Sustainability through Savings

Little can compete with water for basic community wellbeing. That’s why the cisterns are primary projects on these expeditions. But behind even these efforts is the firm truth of modern trade, currency, and investment. Yes, much of the materials, tools, and labor that go into building new basic community infrastructures are freely given by volunteers, but the local people remain the ultimate drivers of their own progress by contributing money for these projects from their joint savings.

In their 25 years of helping impoverished communities learn to leverage and mobilize local resources to reach self-sustainability, CHOICE Humanitarian has created a foundational program to which they credit their success: The Savings Box Program, which enables the community to jointly manage and invest its own funds into development projects. They refer to it as “the critical first step in building economic empowerment in the community,” and you can learn more about it on their website.

Progress Accelerated and Measured at Five Months

In June of 2016, CHOICE Humanitarian compiled a report showing the progress of the people of La Concepción, accounting for improvements facilitated in large part by the expedition and contributions of the Advancing Life Foundation. The progress outlined in the report gives a detailed view into what the Advancing Life mission looks like in action, i.e., how an age-old cycle of poverty is broken.

With more than 50 families participating in the Savings Box Program across the two areas of La Concepción (Rincon and Pueblo), the village has both the foundation and the direction they need. What the Advancing Life expedition delivered, then, was invaluable acceleration.
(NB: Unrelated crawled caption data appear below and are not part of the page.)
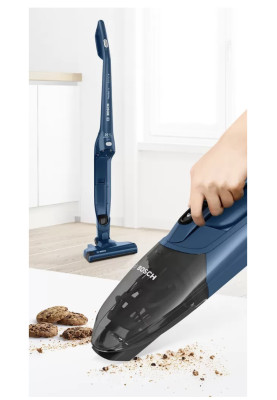 Порохотяг BOSCH BBHF216 (стік)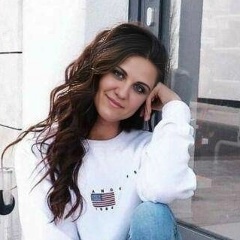 Мария Гимадиева, 07.08.1985, Казань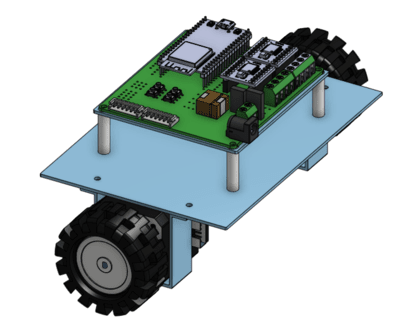 Balancer_OnShape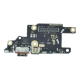 Плата зарядки Xiaomi Poco X6 Pro (Original China) PLS-00-00131789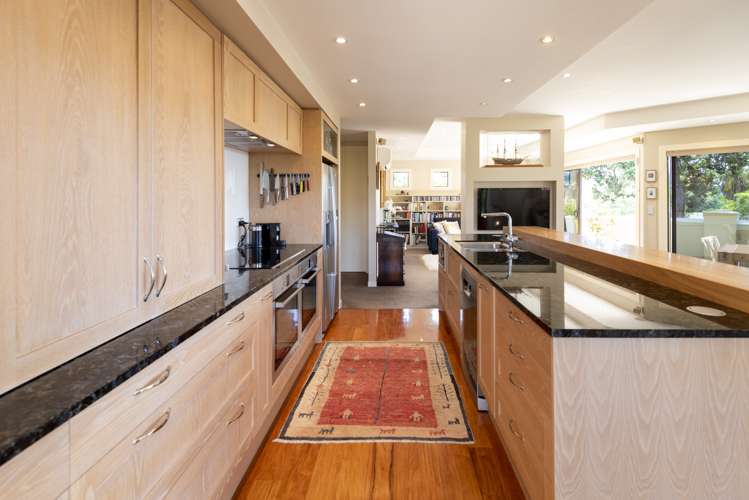 162 Mellons Bay Road Mellons Bay_15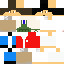 Texture for Target worker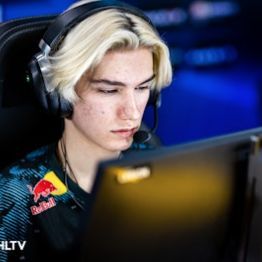 team_w0nderkulli
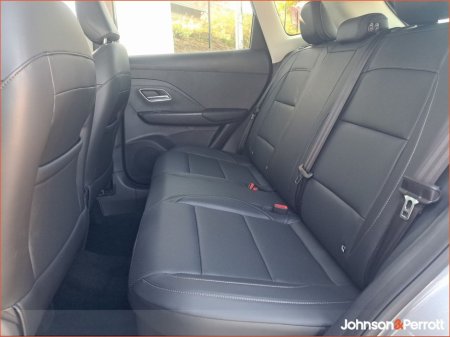 2026 MG ZS ORDER YOUR ALL NEW ZS TODAY €34,845 thumbnail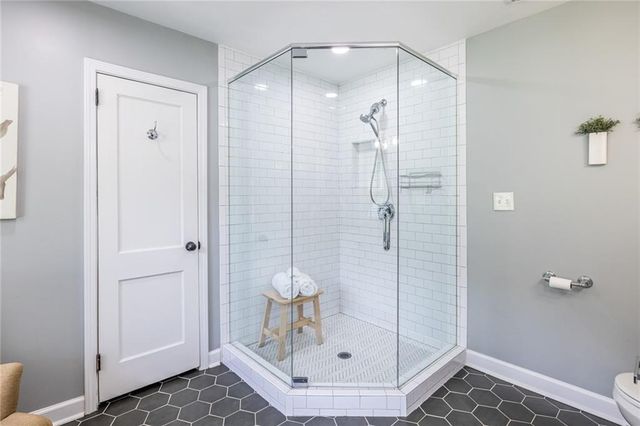 2299 Vistamont Drive, Decatur, GA 30033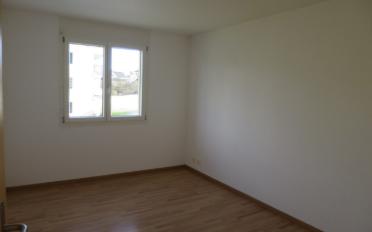 Appartement 4.5 pièces - image - 6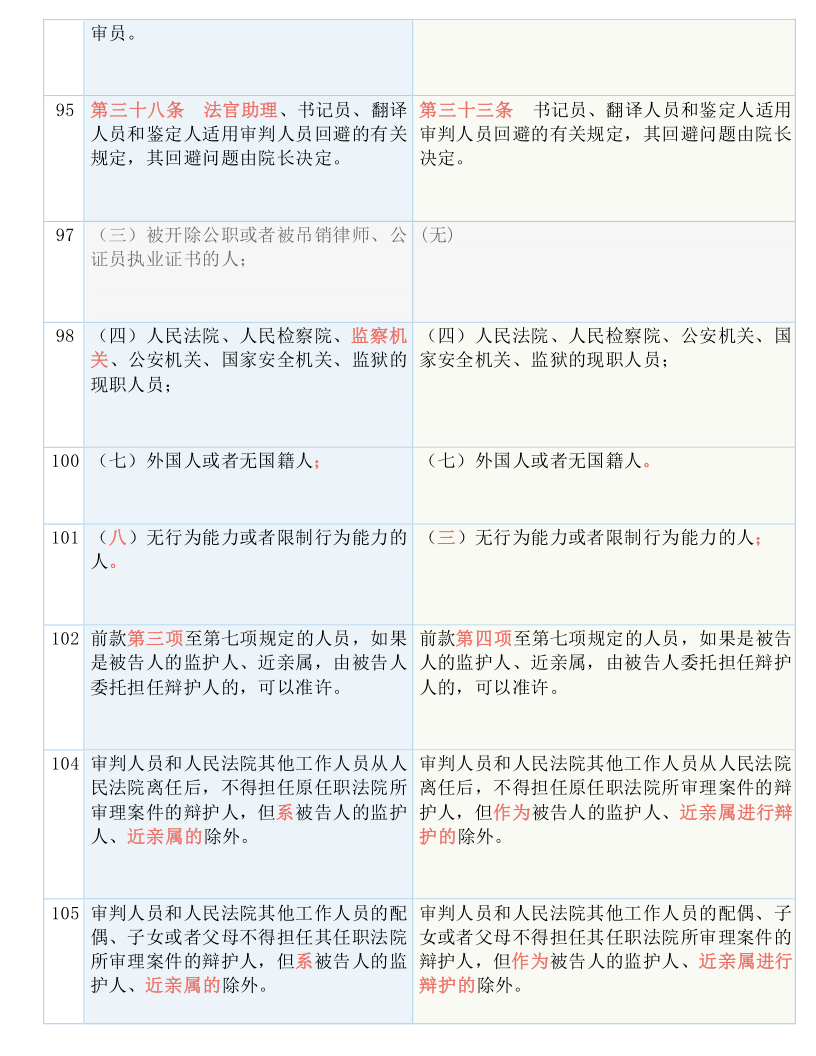 管家婆最准一码一肖,重要性解释落实方法_游戏版256.183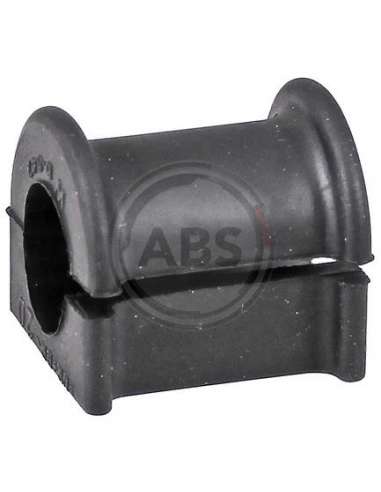 Bushing, stabilizer Abs 274038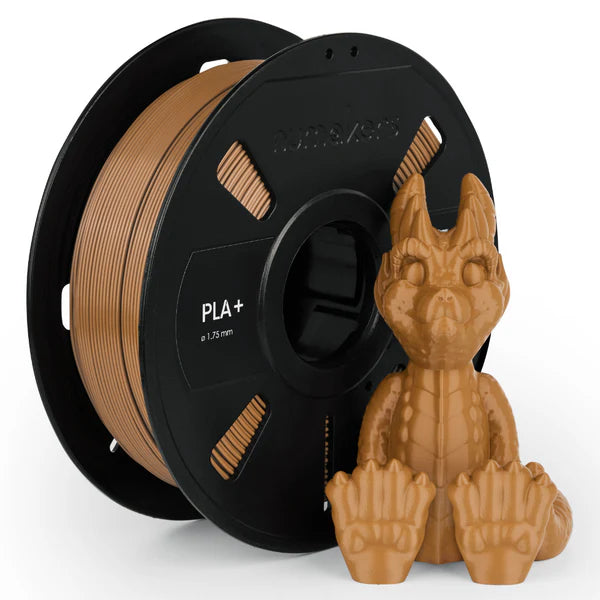 Numakers Filament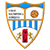 Lebrijana vs Getafe - Predictions, Betting Tips & Match Preview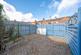Additional image 8 of Regent Terrace, Harrogate, HG1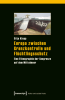Europa_zwischen_Grenzkontrolle_und_Fl__chtlingsschutz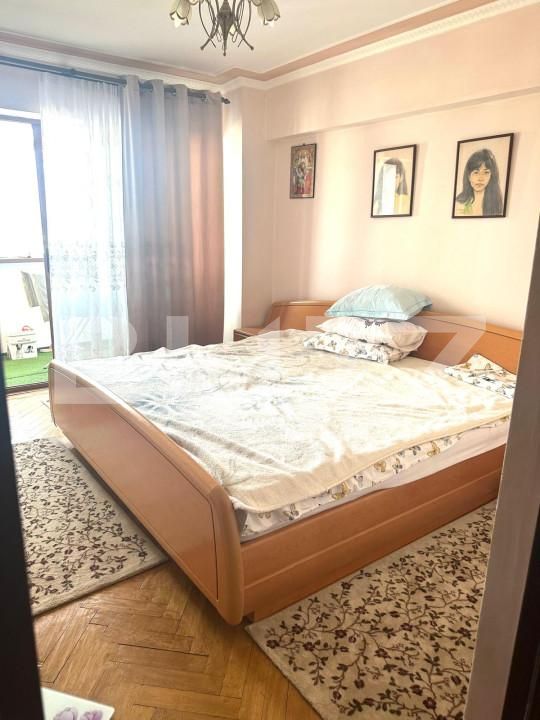 Apartament de vânzare 3 camere Micro 11 - 157221AV | BLITZ Târgoviște | Poza8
By assembling willing hands to construct resources according to the community’s plans, volunteers pushed progress considerably closer to completion. What would have taken the Otomi people a year to build, volunteers helped them complete in 5 days!
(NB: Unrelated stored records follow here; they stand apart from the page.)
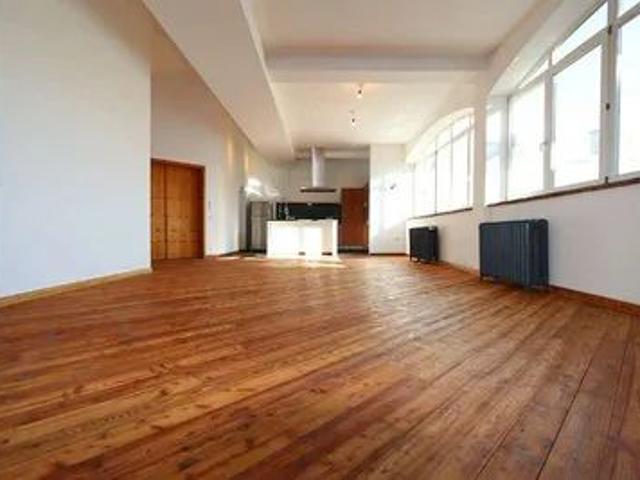 Apartment mieten in Margareten, Wien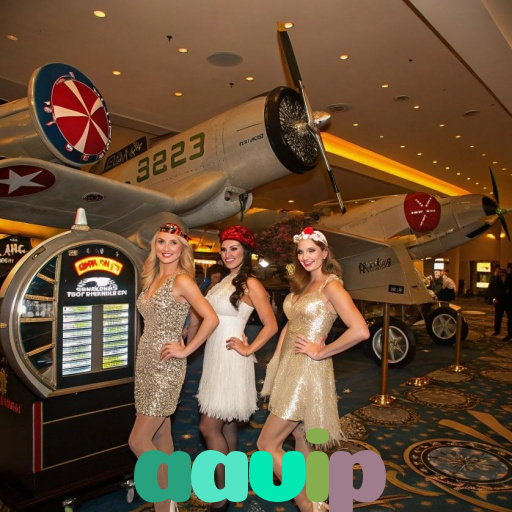 aavip 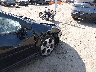 WVWHV71K98W****** Salvage and Wrecked 2008 Volkswagen Golf GTI in Manchester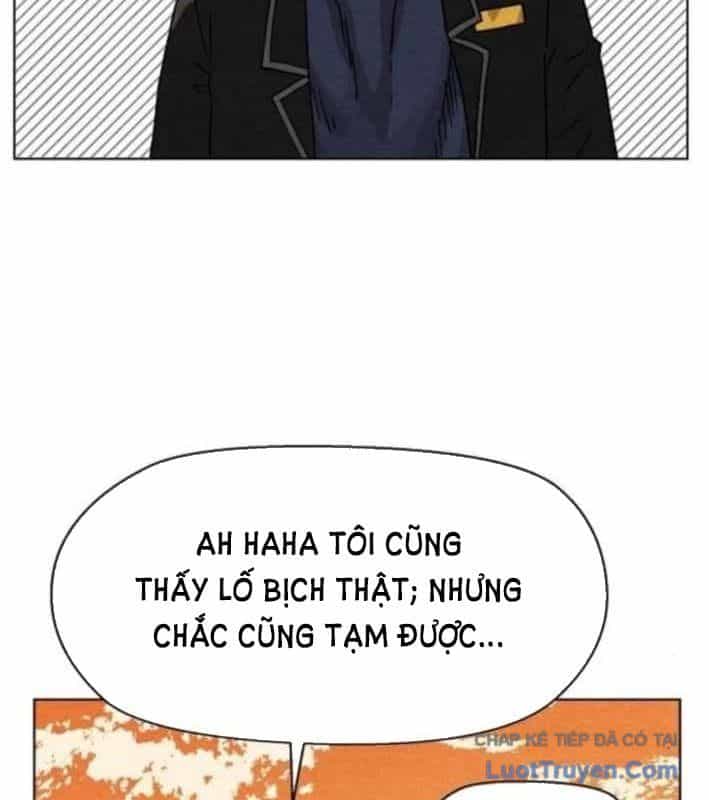 Leu Leu Leu - Chương 11 - ảnh 44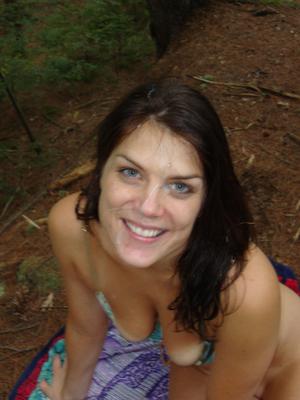 Ajustar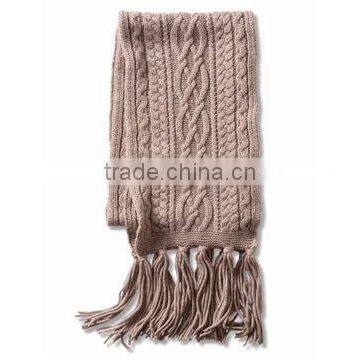 cashmere accessories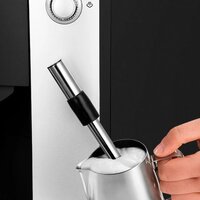 Kitfort KT-7320 Image #4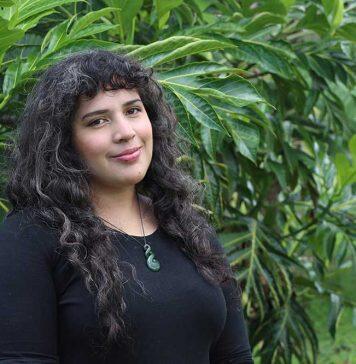 Distance student wins international award for research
From that rapid leap forward to the time of reporting, La Concepción gained the following infrastructure:

  • Accessible Water: 44 cisterns have been built, with a combined capacity of more than 115,000 gallons (2,630 gallons each). In three months’ time, the community has saved $8,280 in water collecting.
  • Sanitation: 19 dry latrines are in place, cutting down on instances of stomach diseases while contributing specifically to the cleanliness of pig livestock.
  • Air Quality: 28 efficient wood-burning stoves have been installed in homes, saving $860 a month on firewood while significantly decreasing respiratory and ocular diseases caused by in-home air pollution.
  • Food Prep: 25 ecological ovens have been accompanied by baking workshops put on by local government, in which 43 locals have been trained in the art of bread making—providing for family needs and creating a marketable commodity.
  • Animal Protein: 23 poultry houses are now being used to produce meat and eggs to improve upon children’s poor diets and lacking development. Villagers are earning $1,020 a month through egg sales in the city.
  • Agriculture: 22 vegetable gardens and nopal cactus (prickly pear) farms serve to further enrich community nutrition and add cash crops. These amenities are made possible by cistern-held water and educational courses on irrigation, planting, cultivation, and harvesting.

At Work in the World Community

When ASEA established the Advancing Life Foundation in 2015, it set out to tackle chronic world ills knowing full well that chronic conditions are not easily cured. Its mission to break cycles of poverty, abuse, and suffering is as ambitious as it is simple. It’s a commitment to long-term treatments with experienced partners, continuous caring, and ongoing giving of resources.

And it is happening in La Concepción, thanks to the work of CHOICE Humanitarian and our ASEA volunteers.